# ENFP/INFJ Friendships



## Depth of Soul (Jul 25, 2009)

So one of the reasons I joined this forum is to talk to people about a problem I'm currently having with my best friend. I'm reluctant to start a new thread on it right now because I'm such a newbie; I might wait a day or two.

But my best friend is an INFJ, and when I say best friend, I mean best friend. Neither of us ever have any plans to date, so our friendship is almost like what other people would call a relationship (but there's absolutely nothing physical about it). We're extremely close.

We went to middle school together--where we were friends in the same social group, but not best friends--and we didn't become best friends until after I moved away, strangely enough. As a result, we've been long distance best friends for five years now, only seeing each other maybe once a year if we're lucky.

Well, this summer I'm working on my college campus with a number of my college friends, and I paid to fly my INFJ friend up here for 10 days. It's Day 7 and I've started to screw things up royally. I started getting sick of her two days ago because she's so quiet and doesn't interact well with some of my friends (the ones who don't go out of their way to make her feel welcome), and I'm also sick of having her in my room 24/7.

She could tell that this was happening, but we didn't talk about it. I brought it up last night (via a written note, because I couldn't talk about it out loud) and we talked through notes and then through AIM for like 30 minutes, and, I feel, resolved nothing. Then she left because a friend called her and I fell asleep before she came back.

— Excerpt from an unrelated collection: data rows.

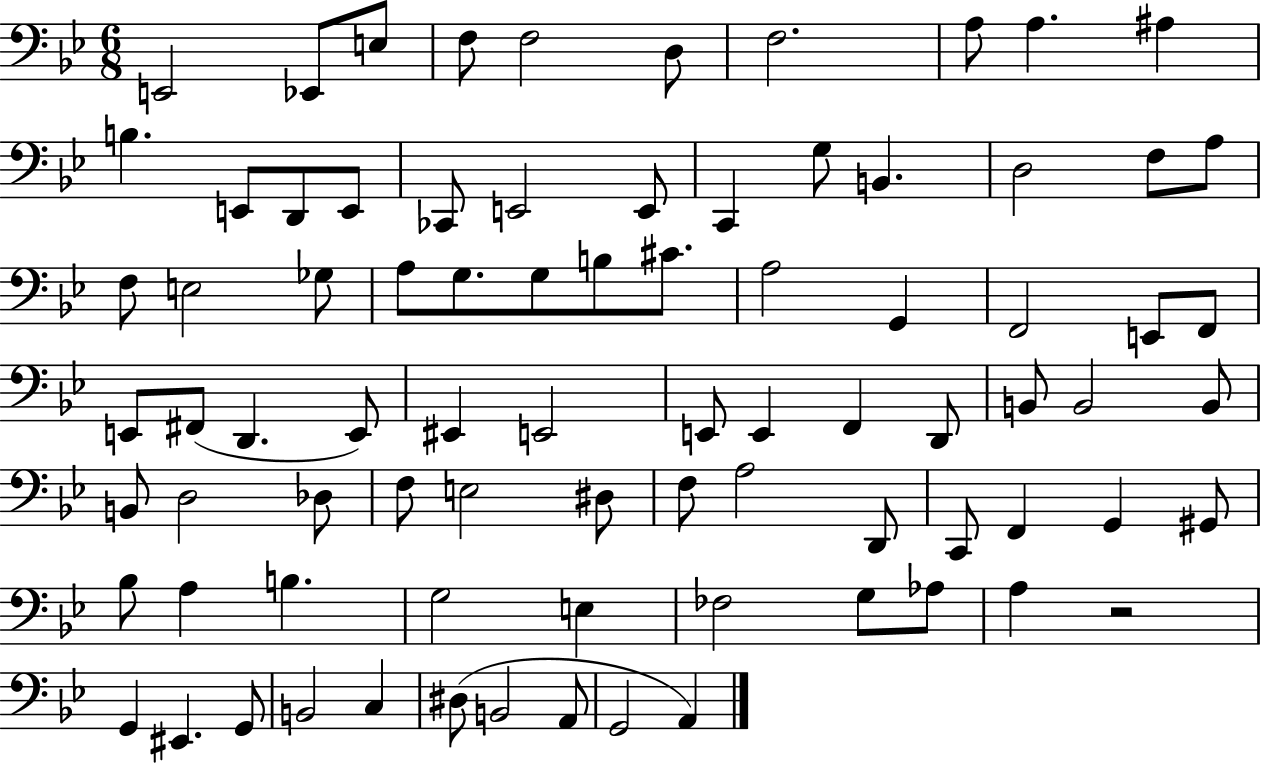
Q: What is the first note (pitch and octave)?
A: E2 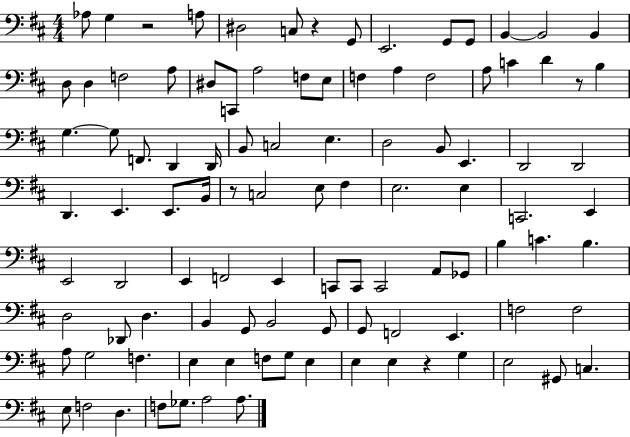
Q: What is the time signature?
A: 4/4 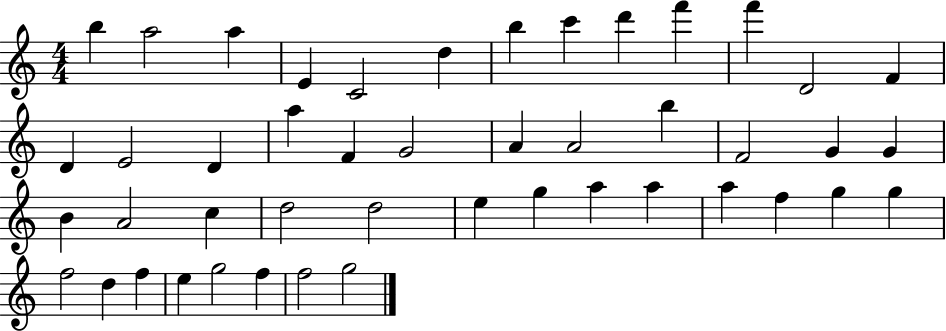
B5/q A5/h A5/q E4/q C4/h D5/q B5/q C6/q D6/q F6/q F6/q D4/h F4/q D4/q E4/h D4/q A5/q F4/q G4/h A4/q A4/h B5/q F4/h G4/q G4/q B4/q A4/h C5/q D5/h D5/h E5/q G5/q A5/q A5/q A5/q F5/q G5/q G5/q F5/h D5/q F5/q E5/q G5/h F5/q F5/h G5/h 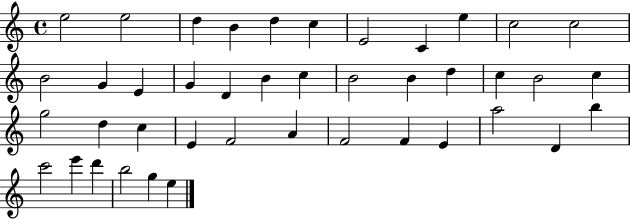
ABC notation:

X:1
T:Untitled
M:4/4
L:1/4
K:C
e2 e2 d B d c E2 C e c2 c2 B2 G E G D B c B2 B d c B2 c g2 d c E F2 A F2 F E a2 D b c'2 e' d' b2 g e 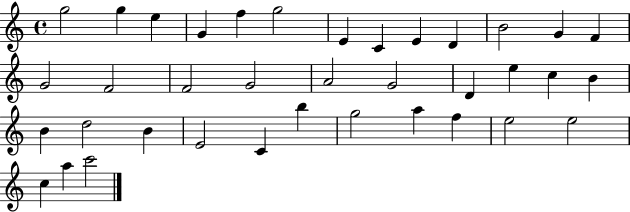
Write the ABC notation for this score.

X:1
T:Untitled
M:4/4
L:1/4
K:C
g2 g e G f g2 E C E D B2 G F G2 F2 F2 G2 A2 G2 D e c B B d2 B E2 C b g2 a f e2 e2 c a c'2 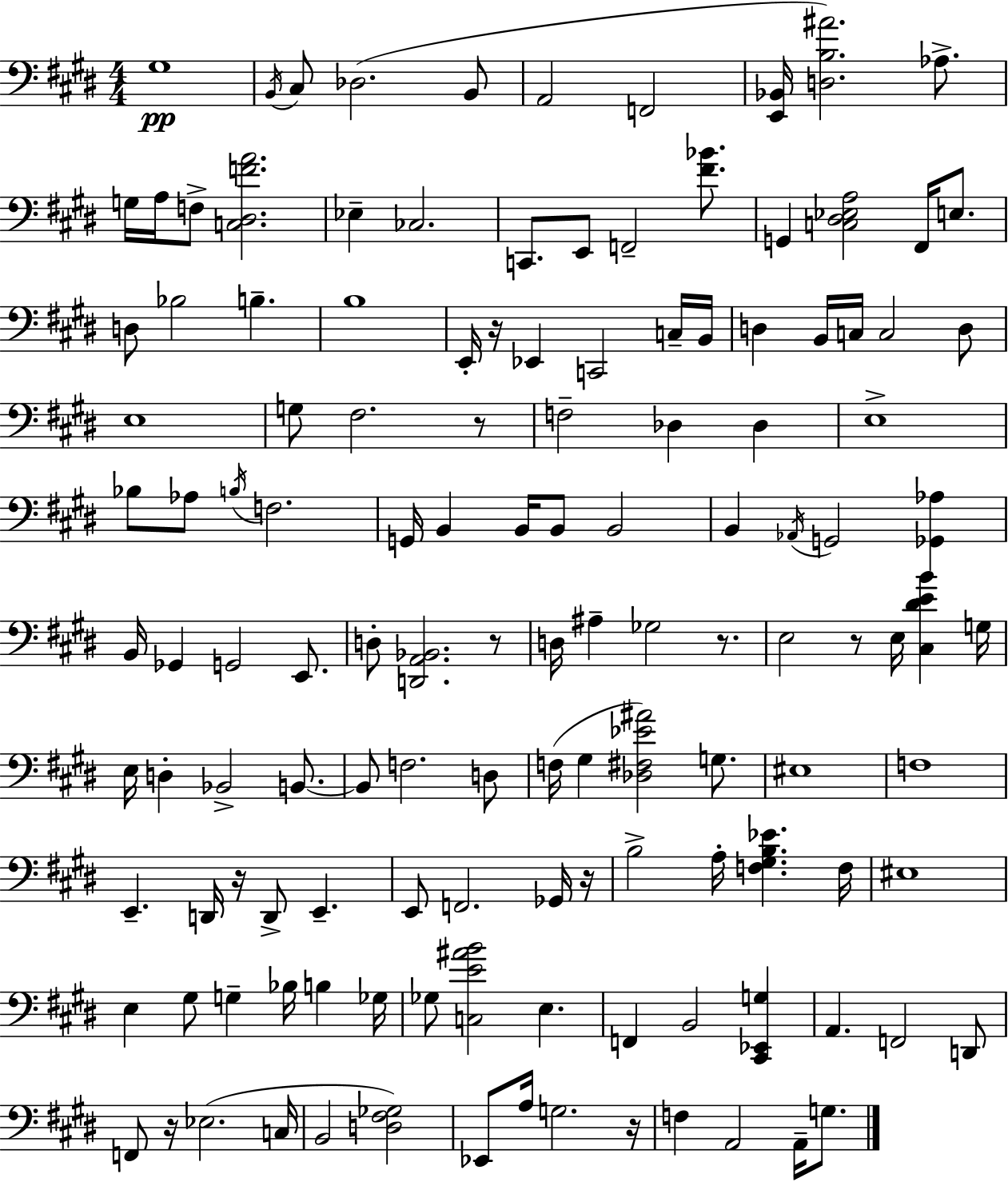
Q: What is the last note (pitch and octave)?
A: G3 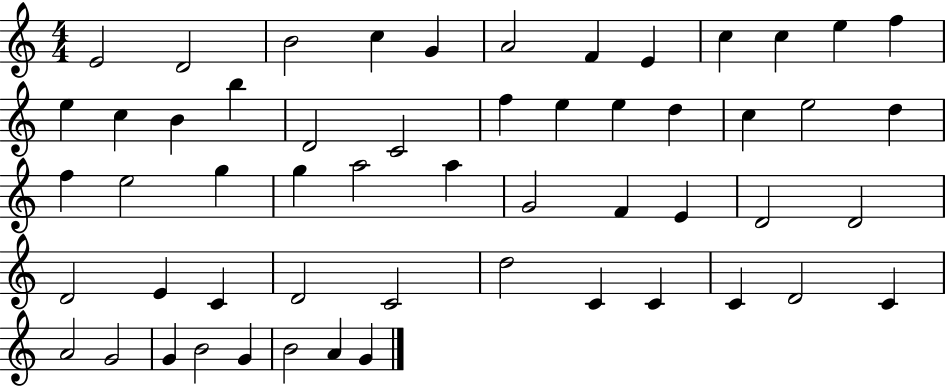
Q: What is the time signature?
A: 4/4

What's scaring me is that we've always talked about being flatmates in the future at some point, but after this visit, I don't know anymore if that would be a good thing. I know this visit isn't indicative of how we would relate as flatmates, but what I wonder is, why ruin a good thing? We're SO CLOSE as long distance friends, and we work so well that way. Why should we try something that would mess that up? I mean, I know this is years in the future, but this is how I feel, and she doesn't understand. She thinks I'm making a big deal out of nothing.

One of the things we talked about was how we interact with others. She has two best friends at her college, and that's it, but they're very close and they hang out a lot. She thought I looked down on that: "I thought you found that totally unappealing, hanging out with the same few people or person all the time."

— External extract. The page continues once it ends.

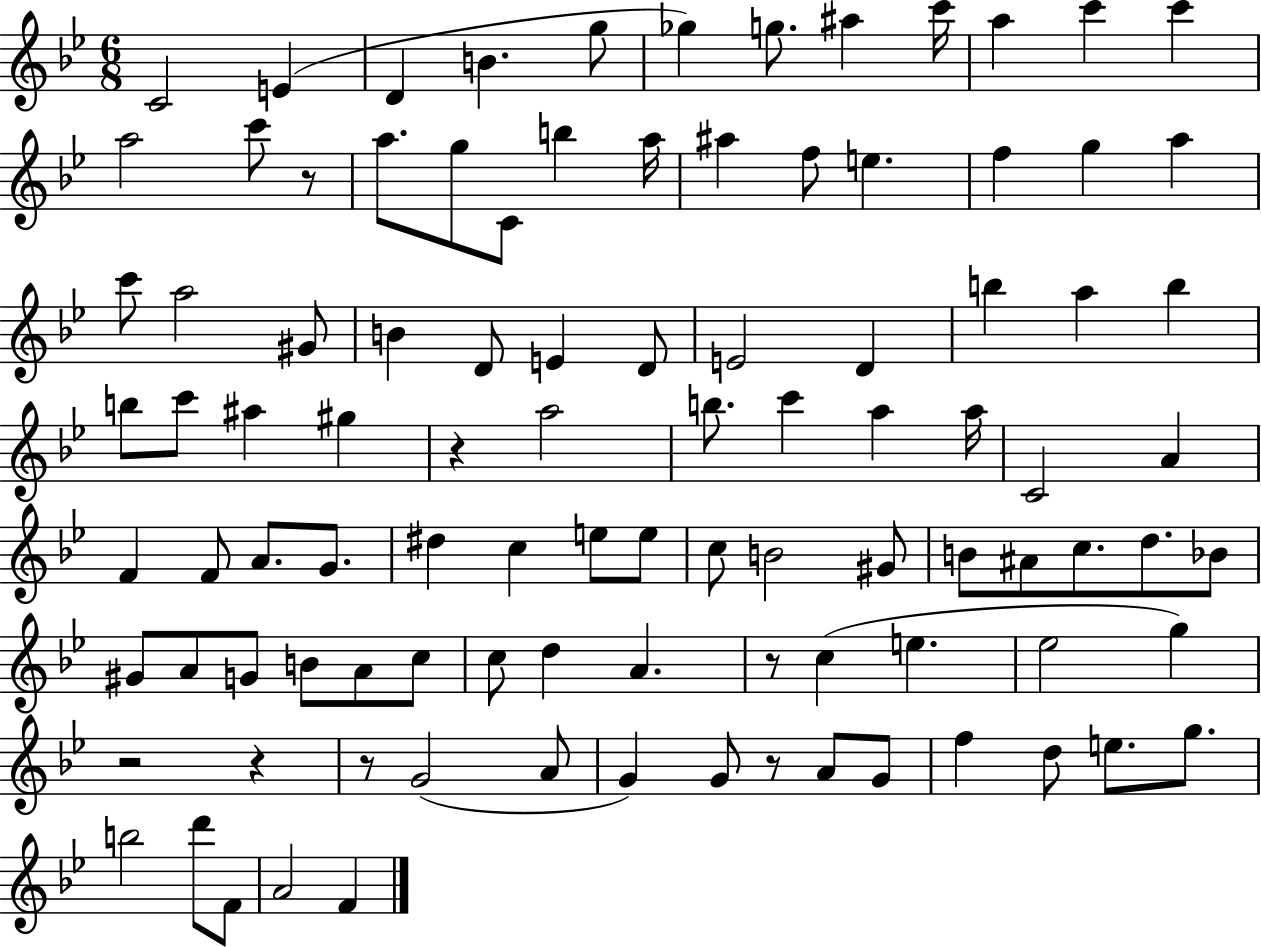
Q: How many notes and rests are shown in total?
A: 99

Me: Therein lies the problem, I believe
I don't tend to do that
I sometimes "look down on it" in order to ensure that I don't do it
I don't like doing it
I'm afraid of doing it if we live together
Or even worse
Not WANTING to
Which would lead to what I said about "ruining a good thing"
Her: Well, someone like me needs that
Me: I know
Her: I don't really have any other options
Me: Which is why I worry that maybe we should forever keep things the way they are

I just wonder if this has more to do with my personality type or more to do with the fact that I'm a selfish asshole.

~Depth


----------



## kibou (Apr 22, 2010)

aww...did this ever turn out ok??


----------



## Depth of Soul (Jul 25, 2009)

Awww, thank you for your concern!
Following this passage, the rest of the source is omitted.